Anne Schwaller, directrice du Théâtre des Osses à Fribourg: «Molière et Shakespeare mettent des mots sur ce qui nous arrive»
Il vaudra la peine ainsi de suivre Sylviane Tille et Robert Sandoz traquant les méchants de Shakespeare dans La Nuit des vilains, du 27 février au 22 mars 2026. Mais aussi François Gremaud, cet esprit formidablement joueur, qui proposera, à travers Aller sans savoir où, un journal de bord d’une création, hanté aussi bien par Esope que Nietzsche et… Snoopy – oui, le classique est un concept assez lâche. A contre-courant, la jeune autrice et metteuse en scène Anouk Werro éclairera, en ouverture de saison, les plaies de deux femmes aux antipodes dans Intolérance et Paralysie.

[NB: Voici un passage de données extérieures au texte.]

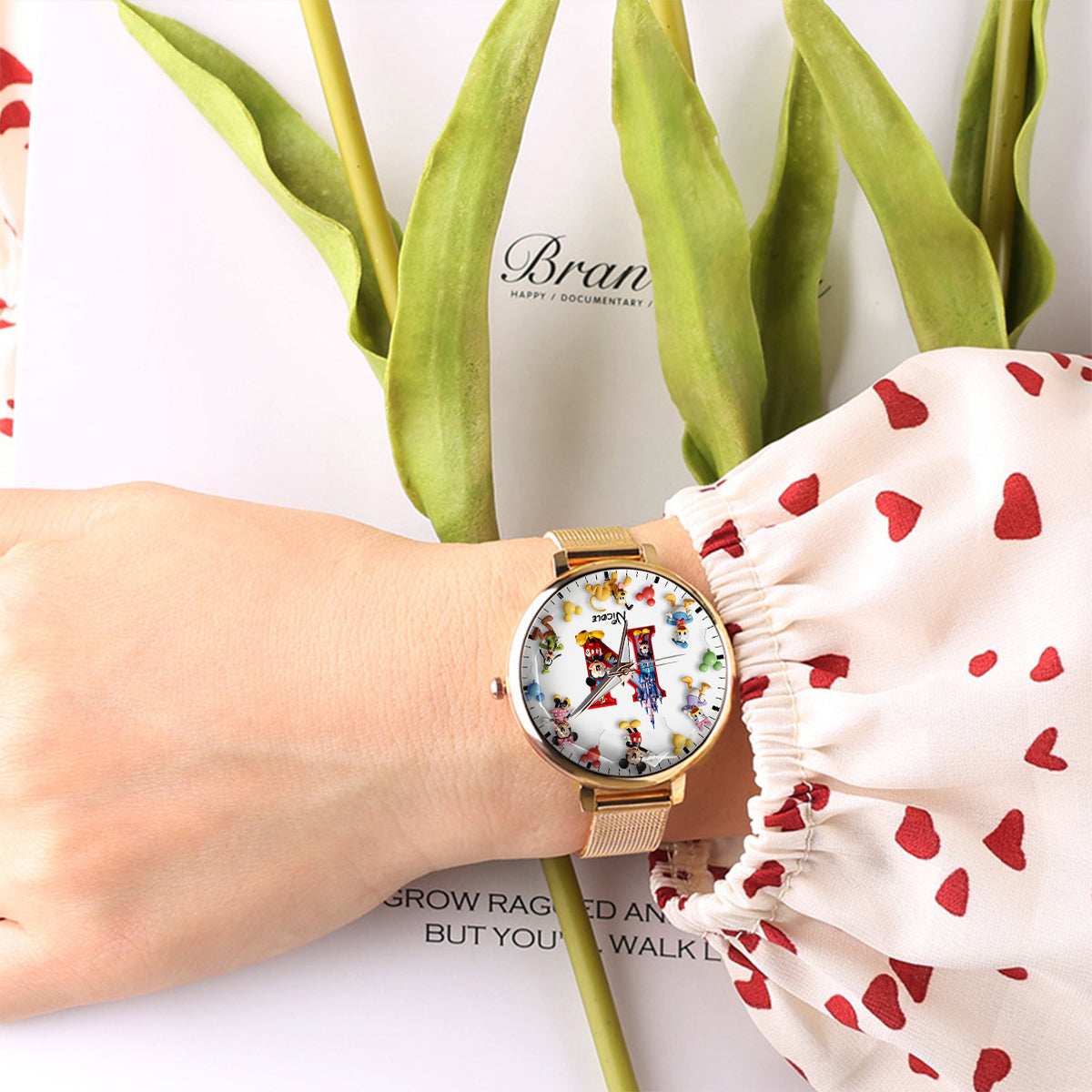 Magical World - Personalized Mouse Women Hand Watch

Diplômée de La Manufacture après une formation à Londres, cette insatiable élargit sa palette depuis deux saisons aux Osses. Anne Schwaller est heureuse de ce mélange-là.
Le Temps: D’où vient cette obsession des classiques?
Anne Schwaller: Ils sont à la source de mon désir de faire du théâtre. Adolescente, je ne les lisais pas, je les dévorais: Musset, Edmond Rostand, Tchekhov, Dostoïevski. J’avais le sentiment que ces écrivains mettaient des mots sur ce qui m’arrivait. Ils avaient vécu de grandes douleurs qu’il me semblait rencontrer à mon tour. Et ils étaient là, avec leurs fictions et leurs personnages dont j’étais tout d’un coup si proche.
Qui vous a transmis ce goût?
Ma mère. C’est une lectrice insatiable. Je piochais dans sa bibliothèque et le théâtre est venu comme ça, avec On ne badine pas avec l’amour de Musset. J’y ai plongé à 15 ans, je vivais chaque pièce. Le théâtre me semblait préférable au roman parce qu’il me laissait libre de mes images.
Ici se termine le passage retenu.